We have with
$$f(z) = \frac{z^{k+1}}{(1-z)^2} \frac{nz^{n-1}}{z^n+1}
= \frac{1}{(z-1)^2} \frac{nz^{n+k}}{z^n+1} $$
and $\zeta_{n,q} = \exp(\pi i/n+ 2\pi i q/n)$
$$\sum_{x^n+1=0} \frac{x^{k+1}}{(1-x)^2}
= \sum_{q=0}^{n-1}
\mathrm{Res}_{\large z=\zeta_{n,q}} f(z).$$
This is also given by (residues sum to zero)

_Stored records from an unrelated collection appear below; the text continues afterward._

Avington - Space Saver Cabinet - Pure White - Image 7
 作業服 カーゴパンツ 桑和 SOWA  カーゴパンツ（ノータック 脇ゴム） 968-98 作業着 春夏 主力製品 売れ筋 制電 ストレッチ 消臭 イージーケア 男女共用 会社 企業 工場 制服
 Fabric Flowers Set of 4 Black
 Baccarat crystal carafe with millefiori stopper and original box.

$$-\mathrm{Res}_{z=1} f(z)
-\mathrm{Res}_{z=\infty} f(z).$$
For the first of these we differentiate to obtain
$$\frac{n(n+k) z^{n+k-1}}{z^n+1}
- \frac{nz^{n+k}}{(z^n+1)^2} n z^{n-1}$$
Evaluate at $z=1$ to get
$$\frac{1}{2} n(n+k) - \frac{1}{4} n^2
= \frac{1}{2} nk + \frac{1}{4} n^2.$$
For the residue at infinity we get
$$-\mathrm{Res}_{z=0} \frac{1}{z^2}
\frac{1}{(1/z-1)^2} \frac{n/z^{n+k}}{1/z^n+1}
\\ = -\mathrm{Res}_{z=0}
\frac{1}{(1-z)^2} \frac{n}{z^{n+k}+z^k}
\\ = -\mathrm{Res}_{z=0} \frac{1}{z^k}
\frac{1}{(1-z)^2} \frac{n}{z^{n}+1}$$
This is
$$-[z^{k-1}] \frac{1}{(1-z)^2} \frac{n}{z^{n}+1}.$$
With $k\le n$ only the constant term from $\frac{n}{z^{n}+1}$
contributes and we get
$$-[z^{k-1}] \frac{n}{(1-z)^2} = -nk.$$
Adding the contributions from the residues at one and at infinity
and flipping the sign we thus obtain
$$-\left(\frac{1}{2} nk + \frac{1}{4} n^2
- nk\right)
= -\left(-\frac{1}{2} nk + \frac{1}{4} n^2\right)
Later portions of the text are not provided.